'''

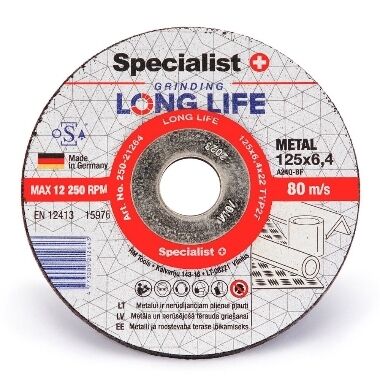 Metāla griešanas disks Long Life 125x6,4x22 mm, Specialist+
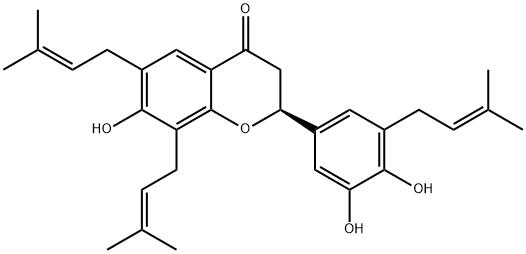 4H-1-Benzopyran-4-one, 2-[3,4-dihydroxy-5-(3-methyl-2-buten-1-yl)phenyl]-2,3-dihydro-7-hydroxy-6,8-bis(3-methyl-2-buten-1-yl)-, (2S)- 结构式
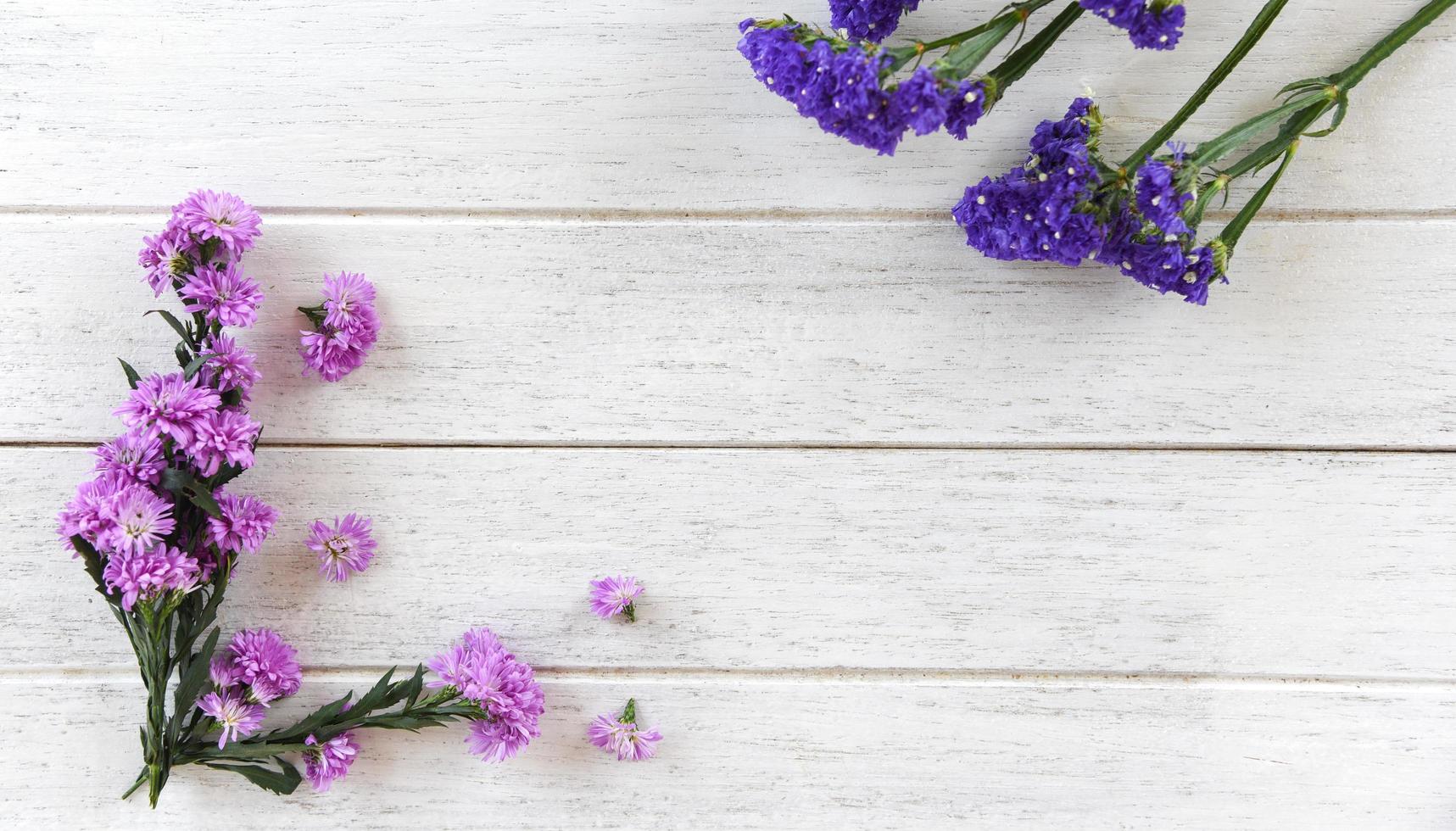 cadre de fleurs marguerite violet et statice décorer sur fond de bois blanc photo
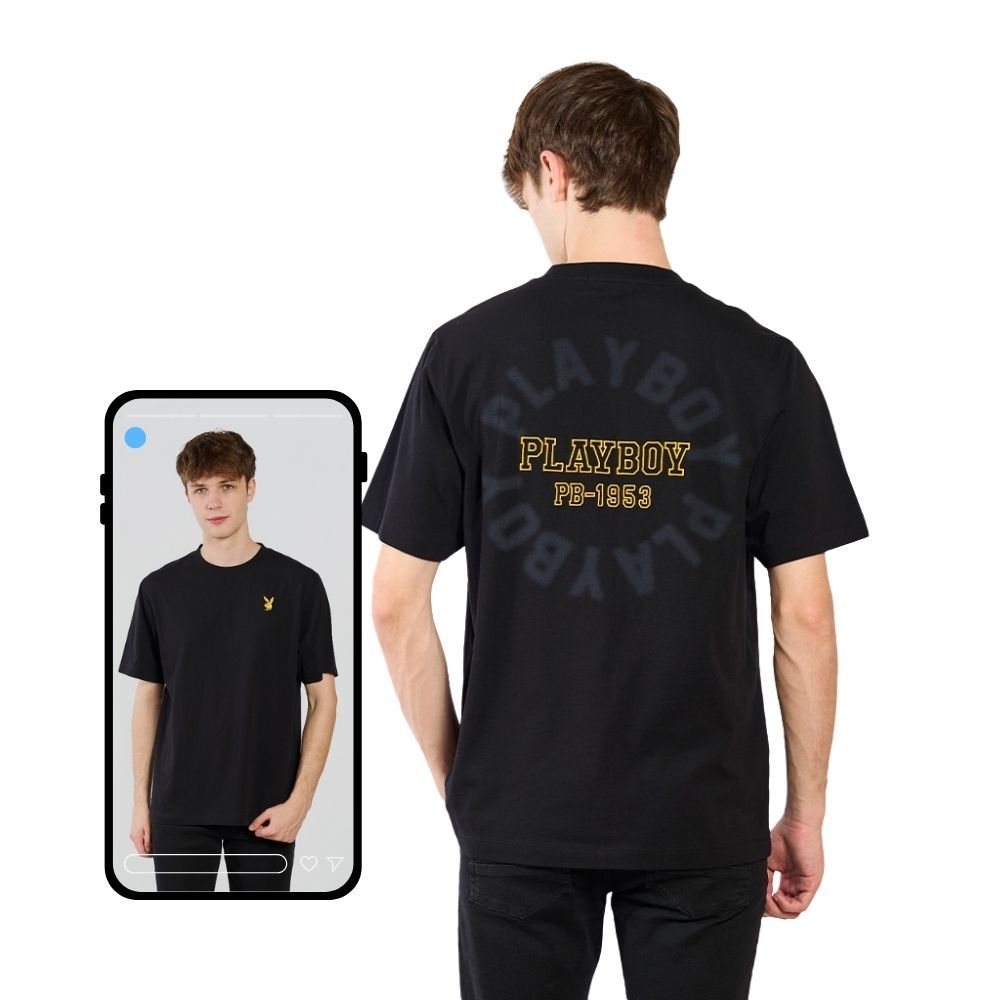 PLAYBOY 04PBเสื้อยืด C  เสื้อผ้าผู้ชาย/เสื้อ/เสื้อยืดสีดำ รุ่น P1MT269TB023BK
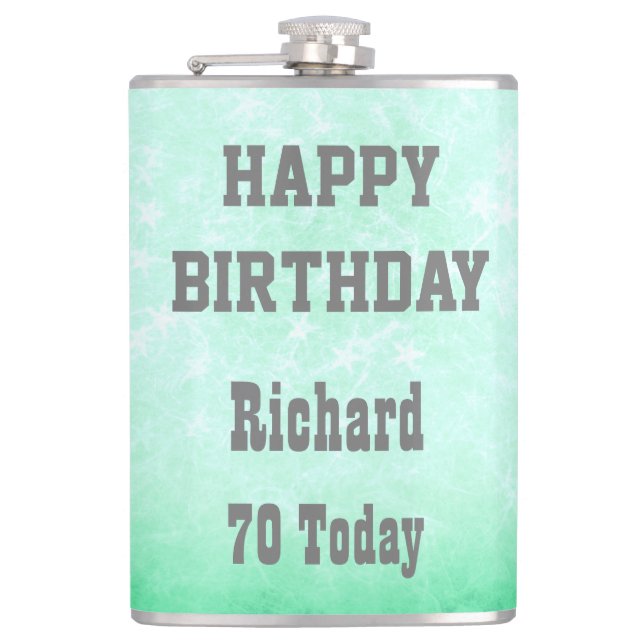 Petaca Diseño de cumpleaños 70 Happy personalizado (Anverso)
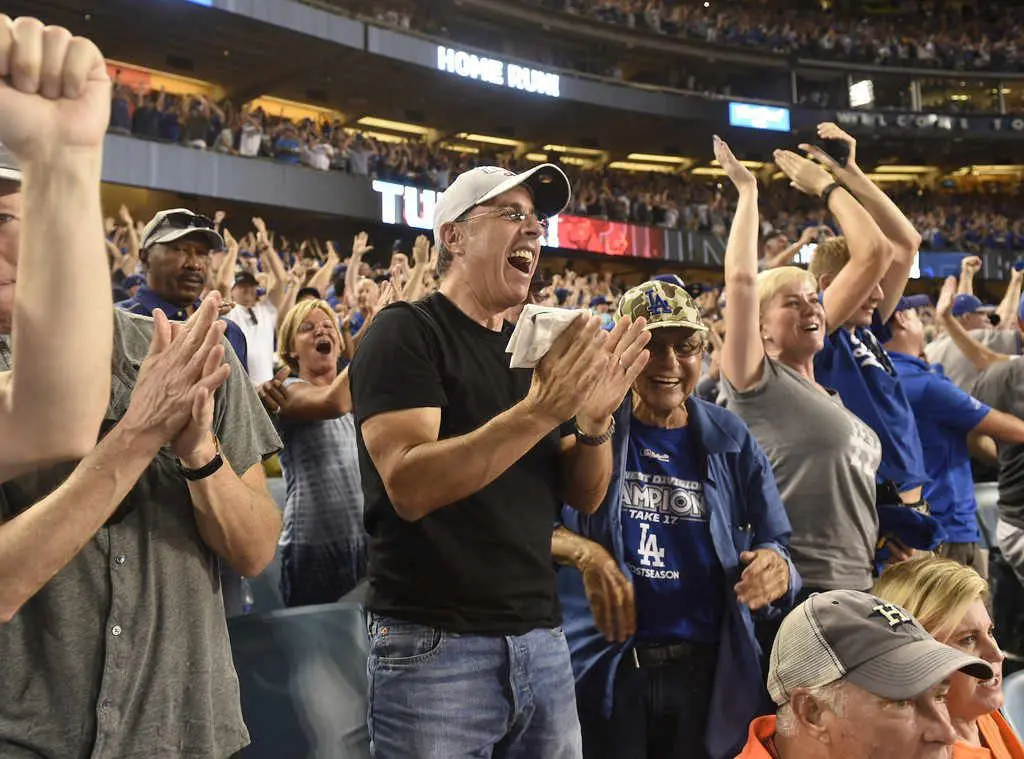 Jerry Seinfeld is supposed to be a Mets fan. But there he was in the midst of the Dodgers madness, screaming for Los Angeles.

'''

§ TASK INSTRUCTIONS
Your reply should be the entries copied exactly, with all images omitted.

§ ANSWER TO THE EXERCISE
 Metāla griešanas disks Long Life 125x6,4x22 mm, Specialist+
 4H-1-Benzopyran-4-one, 2-[3,4-dihydroxy-5-(3-methyl-2-buten-1-yl)phenyl]-2,3-dihydro-7-hydroxy-6,8-bis(3-methyl-2-buten-1-yl)-, (2S)- 结构式
 cadre de fleurs marguerite violet et statice décorer sur fond de bois blanc photo
 PLAYBOY 04PBเสื้อยืด C  เสื้อผ้าผู้ชาย/เสื้อ/เสื้อยืดสีดำ รุ่น P1MT269TB023BK
 Petaca Diseño de cumpleaños 70 Happy personalizado (Anverso)
 Jerry Seinfeld is supposed to be a Mets fan. But there he was in the midst of the Dodgers madness, screaming for Los Angeles.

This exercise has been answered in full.